Some of the projects have stalled for diabolical political reasons, while others are so because of lack of funds.
Whatever the case, in one instance, stalled state projects represent one of the ways through which state funds go to waste, especially when they are not continued at all.
In another instance as where they are continued, revaluation increases their initial cost, which is also tantamount to losing money in a way because that extra money spent on the same project could have been used on another project to enhance the country's development.
However, the Ghanaian Times thinks the continuation of projects ultimately is better than leaving them to rot.

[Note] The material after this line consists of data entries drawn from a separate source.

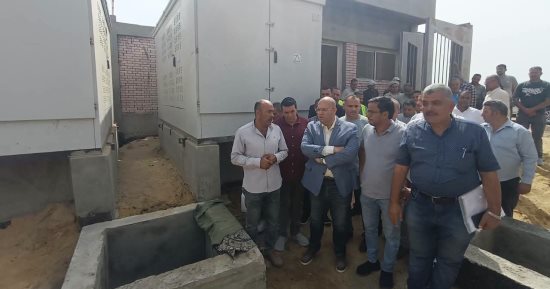 نائب محافظ الجيزة يتفقد مشروعات الصرف الصحى بقرى منشأة القناطر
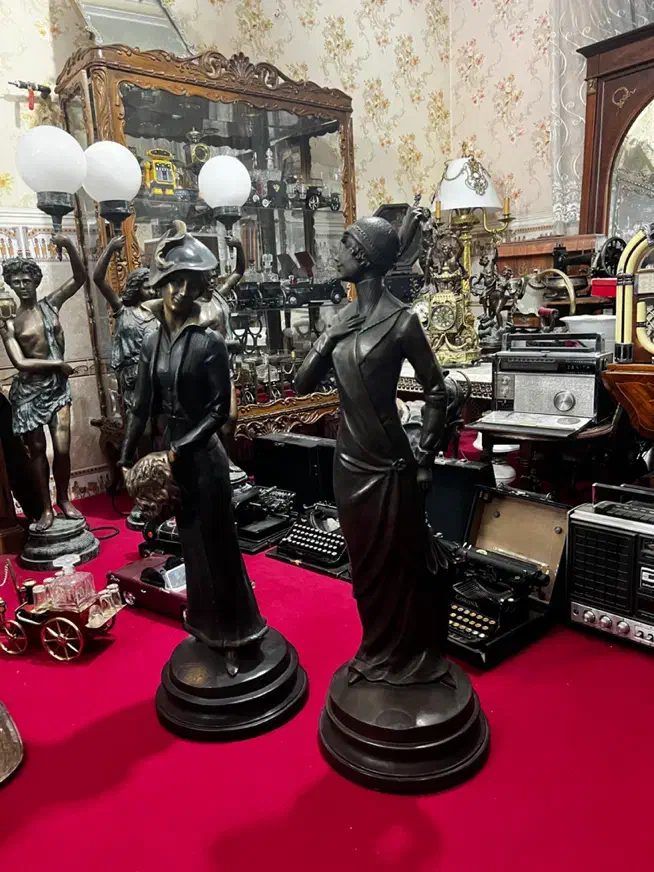 مجسمه برنزامضادارهرکدام ۱مترانتیک وقدیمی|مجسمه، تندیس، ماکت|تهران, فرودگاه مهرآباد|دیوار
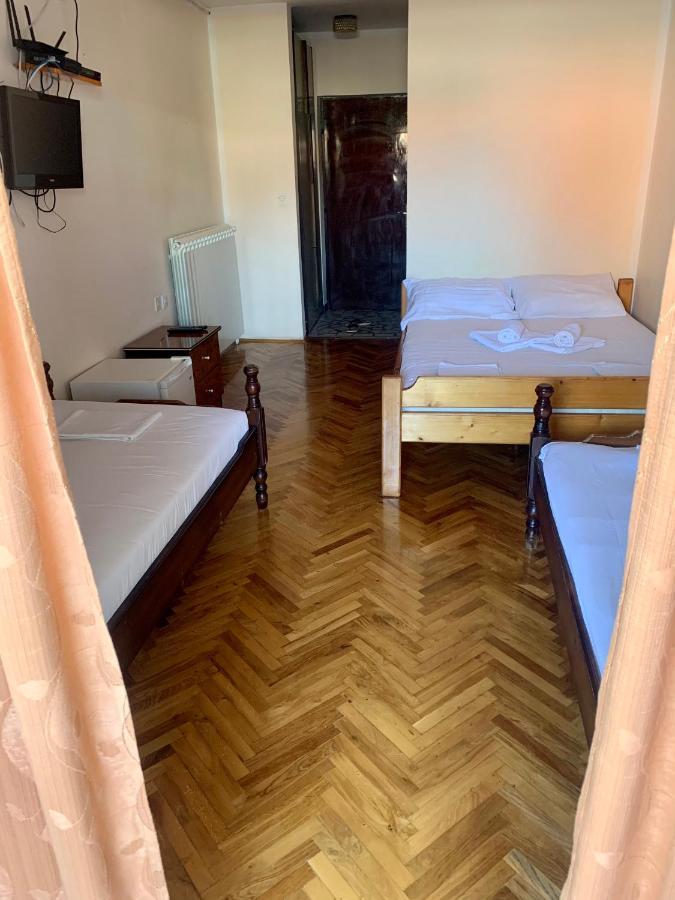 Guesthouse Vila Tamburic Бечичі Екстер'єр фото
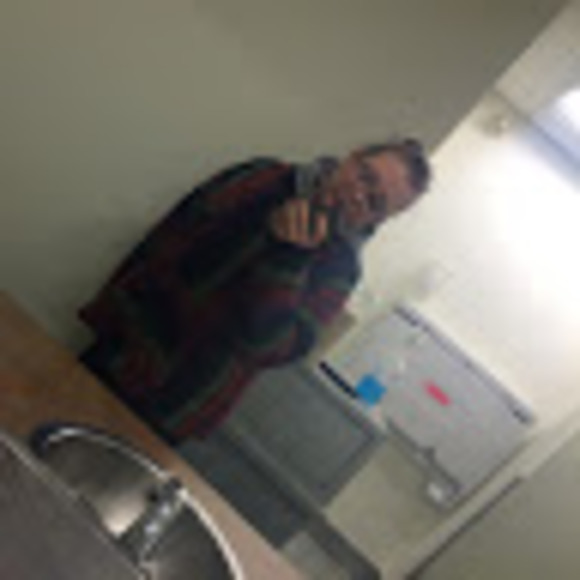 Meet your Posher, Gabrielle - Picture 1 of 1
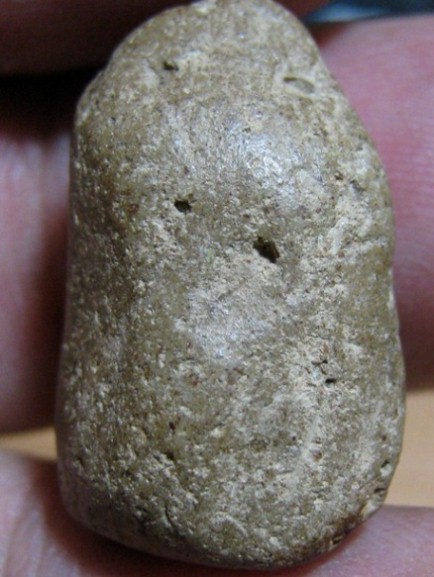 พระเม็ดน้อยหน่า เนื้อดิน จ.สุโขทัย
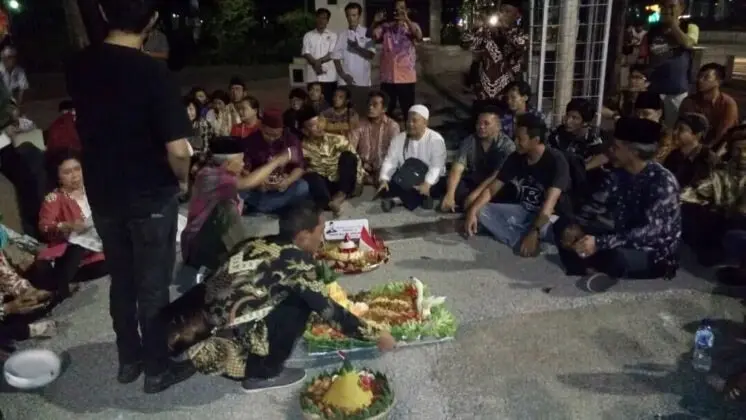 Berbagai Elemen Masyarakat Rayakan HUT Jokowi Di Sebrang Istana Merdeka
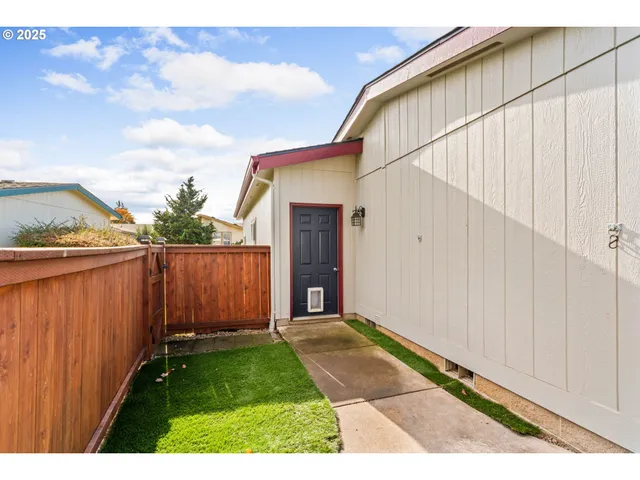 $164,999 | 4055 Royal Avenue, Unit 107, Eugene, OR 97402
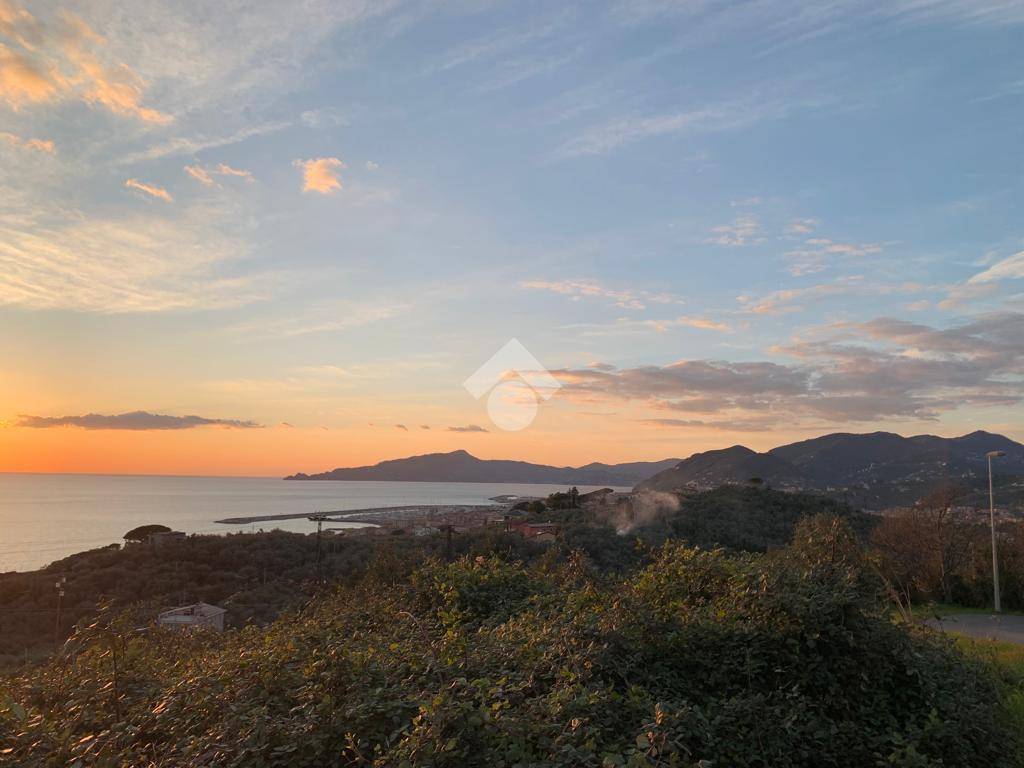 casa indipendente in vendita a Lavagna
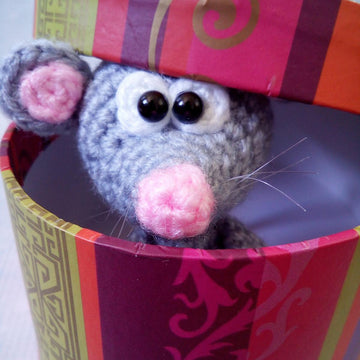 231 Little Rat Mimi with a scarf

This is why it receives as good news the decision by the Ghana Education Trust Fund (GETFund) to commit a total of GH¢2.6 billion to contractors to complete the Fund's stalled projects across the country out of more than GH¢ 3.9 billion approved by Parliament for the financing of educational infrastructural projects for this year.
To have 3,606 GETFund projects stalling at all levels of the country's education system - basic, second cycle and tertiary - is something serious and worrying.
This is so because the stalled projects include all the critical facilities needed for effective school administration, effective teaching and learning, and peaceful stay in the schools.
These include classrooms, libraries, assembly halls/auditoriums, dormitory/hostels, dining halls, sanitary facilities, and staff accommodations.
It is the hope of everyone that the GETFund will make good its professed determination to complete a chunk of the stalled projects in order to enhance the administration of educational institutions and thereby improve education delivery to the desired quality level.
To this end, we also join the Fund in its appeal to all its collaborators like the district assemblies, as well as other
stakeholders in the education sector, to offer the needed assistance to make it achieve its laudable mission.
That assistance would definitely encourage the Fund to rise to the occasion and prove to the whole world that it was not giving a lip-service but was truly determined to deliver one of its functions.
Now, the contractors going to execute the projects and the state engineers supervising them must note that all eyes are on them for quality work; shoddy work, which is a reflection of corruption in the execution of the job, must cease forthwith.
Accountability awaits every one of them, and even if they are not prosecuted, their conscience will prick them forever.
All said, the Ghanaian Times notes with delight the fact that the GETFund is going to use part of the remaining GH¢1.2 billion of the amount approved for it to offer scholarships.
Our appeal is that the scholarships would be offered truly needy people and not people who have connections in high places.